After doing Exercise \ref{ex:eqblobs}, you might notice that an equivalence relation seems to partition a set into batches,
where everything in any given batch is connected to everything else in the same batch, and where there are no connections between different batches.
These batches are called \emph{equivalence classes}.

\DEFN{Equivalence Class}{Assume that $\REL{}$ is an equivalence relation on $A$ and $a\in A$. Then we define
$$
\CLASS{a}{\REL} = \COLL{x}{x\REL{}a}
$$
and we call this the \emph{equivalence class of $a$}, or the \emph{equivalence class of $a$ modulo $\REL$}.
If the relation involved is clear from context, then we may simply write $\CLASS{a}{}$ instead of $\CLASS{a}{\REL}$.
}

\ex{For each part of Exercise \ref{ex:eqblobs}, after you have added the arrows that are needed to have an equivalence relation, 
determine the equivalence classes $\CLASS{0}{}$ and $\CLASS{1}{}$.
(``Determine'' means ``list the elements.'')
}

\ex{Define $\REL\,\,=\COLL{(X,Y)}{X,Y\subseteq A\ \AND\ X\eqnm Y}$.
You proved in Exercise
\ref{ex:powerset_relns}
part
\ref{ex:powerset_relns:eq}
that $\REL$ is an equivalence relation on $\SUB{A}$.
Now suppose that $x\in A$.
Describe the equivalence classes $\CLASS{\emptyset}{\REL}$ and $\CLASS{\{x\}}{\REL}$.
(Hint: revisit the ideas around Definition \ref{def:finiteness}.)
}

\ex{Show that the following $\REL$ is an equivalence relation on $A\times B$, and then describe the equivalence classes:
$$
\REL\,\,=\COLL{((a,b),(a',b))}{a,a'\in A\ \  \AND\ \ b\in B}.
$$
}

\DEFN{Set of Equivalence Classes}{Assume
that $\REL$ is an equivalence relation on $A$. Then we define
$$
\MODREL{A} \ =\ \COLL{\CLASS{a}{\REL}}{a\in A}.
$$
}

Referring back to the intuition from Exercise \ref{ex:eqblobs},
an equivalence relation on a set \emph{partitions} the set into batches called equivalence classes.
We can make this concept precise.
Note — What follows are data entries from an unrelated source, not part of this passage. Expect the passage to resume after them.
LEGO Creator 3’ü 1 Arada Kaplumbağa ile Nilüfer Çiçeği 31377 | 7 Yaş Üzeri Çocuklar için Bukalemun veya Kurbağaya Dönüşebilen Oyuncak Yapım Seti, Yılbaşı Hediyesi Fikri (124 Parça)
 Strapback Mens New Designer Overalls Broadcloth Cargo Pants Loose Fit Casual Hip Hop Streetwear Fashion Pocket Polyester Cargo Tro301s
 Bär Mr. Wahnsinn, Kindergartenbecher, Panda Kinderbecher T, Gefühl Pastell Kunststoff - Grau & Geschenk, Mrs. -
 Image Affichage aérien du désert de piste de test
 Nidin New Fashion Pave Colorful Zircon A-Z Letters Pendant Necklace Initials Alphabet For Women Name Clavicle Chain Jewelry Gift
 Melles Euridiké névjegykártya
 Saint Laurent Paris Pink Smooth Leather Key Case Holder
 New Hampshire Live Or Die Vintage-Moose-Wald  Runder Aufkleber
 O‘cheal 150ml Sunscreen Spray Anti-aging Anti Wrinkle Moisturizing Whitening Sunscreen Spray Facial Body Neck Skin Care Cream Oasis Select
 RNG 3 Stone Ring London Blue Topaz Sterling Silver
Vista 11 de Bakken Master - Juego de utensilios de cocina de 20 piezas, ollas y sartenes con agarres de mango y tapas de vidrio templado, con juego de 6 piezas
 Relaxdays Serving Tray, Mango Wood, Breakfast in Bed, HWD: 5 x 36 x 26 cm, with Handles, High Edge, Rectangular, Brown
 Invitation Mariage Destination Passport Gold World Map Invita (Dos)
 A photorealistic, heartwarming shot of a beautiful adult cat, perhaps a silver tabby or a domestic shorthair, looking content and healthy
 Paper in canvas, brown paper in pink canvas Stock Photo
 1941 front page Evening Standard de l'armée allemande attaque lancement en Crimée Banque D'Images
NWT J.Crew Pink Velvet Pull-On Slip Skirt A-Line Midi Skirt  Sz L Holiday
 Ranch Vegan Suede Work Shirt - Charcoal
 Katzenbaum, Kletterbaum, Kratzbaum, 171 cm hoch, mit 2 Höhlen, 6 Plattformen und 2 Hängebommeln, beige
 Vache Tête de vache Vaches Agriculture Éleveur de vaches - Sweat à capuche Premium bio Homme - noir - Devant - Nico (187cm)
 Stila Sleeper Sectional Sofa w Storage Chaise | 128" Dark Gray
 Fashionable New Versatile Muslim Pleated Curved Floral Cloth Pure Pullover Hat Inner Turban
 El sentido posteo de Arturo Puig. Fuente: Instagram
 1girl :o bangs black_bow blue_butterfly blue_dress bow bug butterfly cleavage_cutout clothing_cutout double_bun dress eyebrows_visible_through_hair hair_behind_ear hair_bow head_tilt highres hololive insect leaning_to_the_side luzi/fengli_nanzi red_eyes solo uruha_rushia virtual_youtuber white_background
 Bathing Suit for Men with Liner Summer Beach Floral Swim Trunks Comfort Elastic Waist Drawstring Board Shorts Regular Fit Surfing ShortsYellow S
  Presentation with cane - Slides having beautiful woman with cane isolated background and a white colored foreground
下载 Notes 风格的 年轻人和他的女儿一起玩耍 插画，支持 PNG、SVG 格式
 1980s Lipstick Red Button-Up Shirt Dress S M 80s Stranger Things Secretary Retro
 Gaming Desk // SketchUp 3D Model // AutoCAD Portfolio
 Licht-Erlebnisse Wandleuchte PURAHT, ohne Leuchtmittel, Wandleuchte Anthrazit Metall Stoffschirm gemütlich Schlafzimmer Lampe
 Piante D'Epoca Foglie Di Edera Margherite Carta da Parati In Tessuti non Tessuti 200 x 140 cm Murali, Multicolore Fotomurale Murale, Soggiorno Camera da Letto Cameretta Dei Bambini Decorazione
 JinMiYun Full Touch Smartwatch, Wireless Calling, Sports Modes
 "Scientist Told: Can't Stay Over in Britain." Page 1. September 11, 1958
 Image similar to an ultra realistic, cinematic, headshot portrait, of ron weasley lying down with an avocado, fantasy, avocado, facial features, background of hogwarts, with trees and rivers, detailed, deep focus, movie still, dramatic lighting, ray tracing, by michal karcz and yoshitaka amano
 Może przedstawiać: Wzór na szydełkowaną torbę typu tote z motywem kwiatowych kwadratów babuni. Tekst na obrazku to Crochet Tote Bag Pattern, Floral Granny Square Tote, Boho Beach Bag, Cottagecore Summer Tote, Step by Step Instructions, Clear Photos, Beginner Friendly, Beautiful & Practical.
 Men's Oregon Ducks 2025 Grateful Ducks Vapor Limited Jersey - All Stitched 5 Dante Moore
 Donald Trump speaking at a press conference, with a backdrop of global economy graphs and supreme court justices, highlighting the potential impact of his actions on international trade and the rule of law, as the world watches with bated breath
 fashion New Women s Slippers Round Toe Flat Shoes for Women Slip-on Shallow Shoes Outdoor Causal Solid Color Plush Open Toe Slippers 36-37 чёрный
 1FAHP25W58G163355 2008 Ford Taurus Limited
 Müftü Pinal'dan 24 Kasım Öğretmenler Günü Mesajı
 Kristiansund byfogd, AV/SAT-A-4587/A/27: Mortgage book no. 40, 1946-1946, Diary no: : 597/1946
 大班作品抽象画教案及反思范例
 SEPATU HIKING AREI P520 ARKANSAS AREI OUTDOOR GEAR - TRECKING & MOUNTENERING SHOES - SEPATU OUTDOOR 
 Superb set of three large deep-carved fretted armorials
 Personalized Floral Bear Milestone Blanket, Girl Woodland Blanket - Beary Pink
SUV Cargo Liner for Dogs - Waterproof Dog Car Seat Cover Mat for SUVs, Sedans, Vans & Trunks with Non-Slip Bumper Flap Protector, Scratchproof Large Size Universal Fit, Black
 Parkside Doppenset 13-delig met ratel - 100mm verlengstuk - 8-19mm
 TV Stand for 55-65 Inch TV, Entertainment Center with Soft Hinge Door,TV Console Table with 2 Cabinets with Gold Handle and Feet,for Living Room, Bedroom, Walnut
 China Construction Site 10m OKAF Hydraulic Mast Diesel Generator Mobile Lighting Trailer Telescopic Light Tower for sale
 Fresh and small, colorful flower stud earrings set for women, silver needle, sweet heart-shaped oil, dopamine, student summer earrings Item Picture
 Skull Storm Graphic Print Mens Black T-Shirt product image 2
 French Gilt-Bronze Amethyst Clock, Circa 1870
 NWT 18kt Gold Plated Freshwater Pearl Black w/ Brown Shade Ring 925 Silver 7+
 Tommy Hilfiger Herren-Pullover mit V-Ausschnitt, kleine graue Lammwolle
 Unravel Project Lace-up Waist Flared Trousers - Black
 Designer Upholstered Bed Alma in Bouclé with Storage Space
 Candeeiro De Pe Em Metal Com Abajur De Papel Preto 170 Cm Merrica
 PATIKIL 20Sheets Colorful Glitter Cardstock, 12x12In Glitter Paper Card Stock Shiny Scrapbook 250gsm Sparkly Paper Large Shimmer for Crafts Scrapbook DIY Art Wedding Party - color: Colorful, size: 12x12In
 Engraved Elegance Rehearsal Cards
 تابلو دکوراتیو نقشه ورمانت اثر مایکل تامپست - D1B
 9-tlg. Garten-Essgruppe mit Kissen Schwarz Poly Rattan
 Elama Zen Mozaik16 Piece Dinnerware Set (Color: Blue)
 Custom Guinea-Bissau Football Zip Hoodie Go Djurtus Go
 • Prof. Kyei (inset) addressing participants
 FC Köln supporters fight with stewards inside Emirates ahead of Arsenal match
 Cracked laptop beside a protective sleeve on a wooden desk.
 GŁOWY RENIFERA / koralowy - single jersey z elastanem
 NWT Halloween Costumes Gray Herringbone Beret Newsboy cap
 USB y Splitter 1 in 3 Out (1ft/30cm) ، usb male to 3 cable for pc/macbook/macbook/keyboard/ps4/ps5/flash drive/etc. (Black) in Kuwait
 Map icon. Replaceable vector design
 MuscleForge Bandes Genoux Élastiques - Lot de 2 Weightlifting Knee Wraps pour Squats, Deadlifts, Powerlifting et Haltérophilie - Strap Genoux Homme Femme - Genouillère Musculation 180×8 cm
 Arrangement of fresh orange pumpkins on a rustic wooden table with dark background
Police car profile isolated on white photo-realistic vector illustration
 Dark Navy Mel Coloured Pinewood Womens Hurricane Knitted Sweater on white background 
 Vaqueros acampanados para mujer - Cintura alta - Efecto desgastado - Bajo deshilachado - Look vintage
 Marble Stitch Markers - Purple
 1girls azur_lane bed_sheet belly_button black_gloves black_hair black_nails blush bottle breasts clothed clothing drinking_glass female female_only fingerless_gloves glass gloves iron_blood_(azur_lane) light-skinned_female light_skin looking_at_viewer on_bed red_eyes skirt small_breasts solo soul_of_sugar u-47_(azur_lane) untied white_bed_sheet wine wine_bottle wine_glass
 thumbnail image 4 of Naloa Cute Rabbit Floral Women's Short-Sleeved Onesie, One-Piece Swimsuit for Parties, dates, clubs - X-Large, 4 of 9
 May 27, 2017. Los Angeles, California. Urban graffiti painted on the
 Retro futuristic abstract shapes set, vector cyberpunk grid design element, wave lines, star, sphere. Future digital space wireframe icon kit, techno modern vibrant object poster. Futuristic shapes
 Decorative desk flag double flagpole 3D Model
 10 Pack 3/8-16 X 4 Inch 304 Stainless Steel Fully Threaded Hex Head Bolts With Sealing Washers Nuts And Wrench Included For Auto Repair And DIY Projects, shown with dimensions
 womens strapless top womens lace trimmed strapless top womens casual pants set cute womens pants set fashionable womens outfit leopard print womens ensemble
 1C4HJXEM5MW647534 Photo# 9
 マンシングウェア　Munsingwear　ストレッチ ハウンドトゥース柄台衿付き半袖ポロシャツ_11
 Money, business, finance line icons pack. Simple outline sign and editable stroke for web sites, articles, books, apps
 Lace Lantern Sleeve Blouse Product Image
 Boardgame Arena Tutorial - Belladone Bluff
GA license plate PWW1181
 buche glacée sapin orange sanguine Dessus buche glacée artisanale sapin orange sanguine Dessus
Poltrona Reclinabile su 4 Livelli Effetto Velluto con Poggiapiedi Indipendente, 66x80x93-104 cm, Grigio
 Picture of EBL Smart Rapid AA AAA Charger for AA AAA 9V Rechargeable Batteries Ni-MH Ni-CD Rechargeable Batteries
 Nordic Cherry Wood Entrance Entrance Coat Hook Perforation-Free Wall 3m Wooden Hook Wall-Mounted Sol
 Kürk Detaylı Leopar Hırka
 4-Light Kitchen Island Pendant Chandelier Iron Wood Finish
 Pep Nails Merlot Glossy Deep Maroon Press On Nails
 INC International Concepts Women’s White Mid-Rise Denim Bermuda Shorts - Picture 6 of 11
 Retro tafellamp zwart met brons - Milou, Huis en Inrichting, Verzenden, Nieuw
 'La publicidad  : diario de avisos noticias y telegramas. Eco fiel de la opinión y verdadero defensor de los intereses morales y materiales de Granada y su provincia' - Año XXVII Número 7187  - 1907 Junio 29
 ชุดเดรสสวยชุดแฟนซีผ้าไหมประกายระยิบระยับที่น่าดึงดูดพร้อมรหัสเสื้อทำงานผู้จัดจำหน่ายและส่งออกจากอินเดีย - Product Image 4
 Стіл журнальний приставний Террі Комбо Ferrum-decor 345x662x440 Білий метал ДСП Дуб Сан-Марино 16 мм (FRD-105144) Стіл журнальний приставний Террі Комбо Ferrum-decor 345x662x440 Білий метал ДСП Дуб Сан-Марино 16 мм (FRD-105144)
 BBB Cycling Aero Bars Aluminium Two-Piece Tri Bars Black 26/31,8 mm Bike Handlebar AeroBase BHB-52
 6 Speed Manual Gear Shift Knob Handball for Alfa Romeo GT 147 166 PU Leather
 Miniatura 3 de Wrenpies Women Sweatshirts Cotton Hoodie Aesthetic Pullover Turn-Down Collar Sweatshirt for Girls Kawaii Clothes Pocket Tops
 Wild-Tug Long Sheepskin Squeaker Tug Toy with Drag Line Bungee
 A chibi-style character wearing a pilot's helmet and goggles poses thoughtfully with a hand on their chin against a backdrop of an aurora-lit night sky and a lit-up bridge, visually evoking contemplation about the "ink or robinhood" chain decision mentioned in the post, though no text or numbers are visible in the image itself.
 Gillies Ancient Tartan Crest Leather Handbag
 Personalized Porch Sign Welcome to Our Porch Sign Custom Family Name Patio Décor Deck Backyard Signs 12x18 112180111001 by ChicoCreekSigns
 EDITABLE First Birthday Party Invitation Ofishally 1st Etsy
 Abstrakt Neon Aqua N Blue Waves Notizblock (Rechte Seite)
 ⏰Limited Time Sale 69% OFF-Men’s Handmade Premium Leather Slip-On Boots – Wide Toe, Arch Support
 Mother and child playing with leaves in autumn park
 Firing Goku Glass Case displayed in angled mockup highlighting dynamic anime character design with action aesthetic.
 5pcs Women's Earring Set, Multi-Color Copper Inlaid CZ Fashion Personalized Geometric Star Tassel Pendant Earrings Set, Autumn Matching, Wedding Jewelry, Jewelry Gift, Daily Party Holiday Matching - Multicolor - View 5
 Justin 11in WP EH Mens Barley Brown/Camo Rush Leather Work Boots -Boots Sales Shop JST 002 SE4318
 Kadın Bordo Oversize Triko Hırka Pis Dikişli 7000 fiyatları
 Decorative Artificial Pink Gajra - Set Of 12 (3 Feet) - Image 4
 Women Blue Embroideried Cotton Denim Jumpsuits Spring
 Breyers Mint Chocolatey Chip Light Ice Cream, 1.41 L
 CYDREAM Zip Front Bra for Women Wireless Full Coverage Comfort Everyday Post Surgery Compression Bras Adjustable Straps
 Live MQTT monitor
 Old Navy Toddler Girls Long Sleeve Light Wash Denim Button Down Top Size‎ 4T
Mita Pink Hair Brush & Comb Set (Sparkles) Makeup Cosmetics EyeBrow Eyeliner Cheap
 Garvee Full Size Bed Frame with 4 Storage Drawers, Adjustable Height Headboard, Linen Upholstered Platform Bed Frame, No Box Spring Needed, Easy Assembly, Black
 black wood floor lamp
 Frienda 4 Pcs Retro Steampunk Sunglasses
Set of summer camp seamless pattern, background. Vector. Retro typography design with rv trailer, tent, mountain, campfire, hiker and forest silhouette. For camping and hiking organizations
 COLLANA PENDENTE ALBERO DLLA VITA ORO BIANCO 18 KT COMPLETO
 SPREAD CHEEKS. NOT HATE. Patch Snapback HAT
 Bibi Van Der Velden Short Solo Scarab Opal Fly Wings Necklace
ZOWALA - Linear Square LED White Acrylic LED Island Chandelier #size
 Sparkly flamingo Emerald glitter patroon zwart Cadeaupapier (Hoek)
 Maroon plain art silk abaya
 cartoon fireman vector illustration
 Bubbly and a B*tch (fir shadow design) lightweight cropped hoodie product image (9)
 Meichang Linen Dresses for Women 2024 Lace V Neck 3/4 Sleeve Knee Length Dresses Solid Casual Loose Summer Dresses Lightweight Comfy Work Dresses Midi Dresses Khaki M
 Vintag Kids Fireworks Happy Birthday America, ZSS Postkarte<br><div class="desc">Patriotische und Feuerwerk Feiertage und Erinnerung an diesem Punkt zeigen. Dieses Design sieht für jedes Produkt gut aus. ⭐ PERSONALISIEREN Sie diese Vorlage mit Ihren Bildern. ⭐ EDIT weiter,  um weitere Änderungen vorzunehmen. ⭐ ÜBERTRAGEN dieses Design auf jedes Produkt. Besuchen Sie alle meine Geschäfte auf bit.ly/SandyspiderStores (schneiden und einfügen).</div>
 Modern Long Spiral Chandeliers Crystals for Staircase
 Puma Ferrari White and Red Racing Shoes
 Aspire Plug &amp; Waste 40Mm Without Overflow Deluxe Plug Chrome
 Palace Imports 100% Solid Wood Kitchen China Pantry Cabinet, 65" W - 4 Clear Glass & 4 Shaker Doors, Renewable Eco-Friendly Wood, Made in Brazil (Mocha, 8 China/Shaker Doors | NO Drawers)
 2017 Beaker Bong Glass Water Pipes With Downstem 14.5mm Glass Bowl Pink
First, we make precise the concept of a \emph{partition} of a set:

\def\part{\mathcal{F}}
\DEFN{Partition\label{def:partition}}{A set $\part\subseteq\SUB{A}$ of subsets
of $A$ is a \emph{partition of $A$} iff
\begin{enumerate}[(1)]
  \item \label{itm:partdef:1}$\emptyset\notin\part$,
  \item \label{itm:partdef:2}$\ALL{a}{a\in A\Rightarrow \EXIST{F}{F\in\part\ \ \AND\ \ a\in F}}$, and
  \item \label{itm:partdef:3}$\ALL{F,F'}{F,F'\in\part\ \ \Rightarrow\ \ (F\neq F'\ \Rightarrow\ F\cap F'=\emptyset)}$.
\end{enumerate}
}

Condition \ref{itm:partdef:2} says that the sets in $\part$ must ``cover'' all of $A$ and
condition \ref{itm:partdef:3} says that the sets in $\part$ must be pairwise disjoint.
Condition \ref{itm:partdef:1} is an unimportant technicality that makes the
upcoming Theorem \ref{thm:corr_parts_eqrelns} have a pretty statement.
Next, we look at how equivalence relations give rise to partitions and vice versa:

\ex{\label{ex:eqreln_to_part}Suppose that $\REL$ is an equivalence relation on $A$. Prove that $\MODREL{A}$ is a partition of $A$.}

\ex{\label{ex:part_to_eqreln}Let $\part$ be a partition of $A$. Prove that
$$ \COLL{(a,b)}{\EXIST{F}{F\in\part\ \AND\ a,b\in F}} $$
is an equivalence relation on $A$.
}

Finally, we put the ideas together to see that equivalence relations and partitions are two ways of looking at the same information:

% \def\corr{A/\,\begin{picture}(-1,1)(-1,-3)\circle*{3}\end{picture}\,\,}
\def\corr{f}
\def\corrinv{g}
\def\eqrelnsA{\mathcal{E}}
\def\partsA{\mathcal{P}}
\THMNP{Correspondence between Equivalence Relations and Partitions\label{thm:corr_parts_eqrelns}}{
Given a set $A$, define
\begin{align*}
\eqrelnsA\ &=\ \COLL{\REL}{\REL \text{is an equivalence relation on $A$}}\\
\partsA\ &=\ \COLL{\part}{\part\ \text{is a partition of $A$}}
\end{align*}
and define a function $\corr$ on $\eqrelnsA$ by
$$
\corr(\REL) = \MODREL{A} \hspace{1.5em} \text{for all $\REL\,\in\eqrelnsA$}.
$$
Then
$
\corr:
\eqrelnsA
\to
\partsA
$
bijectively.
}{
Exercise \ref{ex:eqreln_to_part} proves that $\ran{\corr}\subseteq\partsA$,
so we have $\corr:\eqrelnsA\to\partsA$. It remains to prove that this mapping is bijective.
We will use Theorem \ref{thm:bij_and_iso} to do this. Define a function $\corrinv$ on $\partsA$ by
$$\corrinv(\part) = \COLL{(a,b)}{\EXIST{F}{F\in\part\ \AND\ a,b\in F}} $$
for all $\part\in\partsA$.
Exercise \ref{ex:part_to_eqreln} proves that $\ran{\corrinv}\subseteq\eqrelnsA$,
so we have $\corrinv:\partsA\to\eqrelnsA$.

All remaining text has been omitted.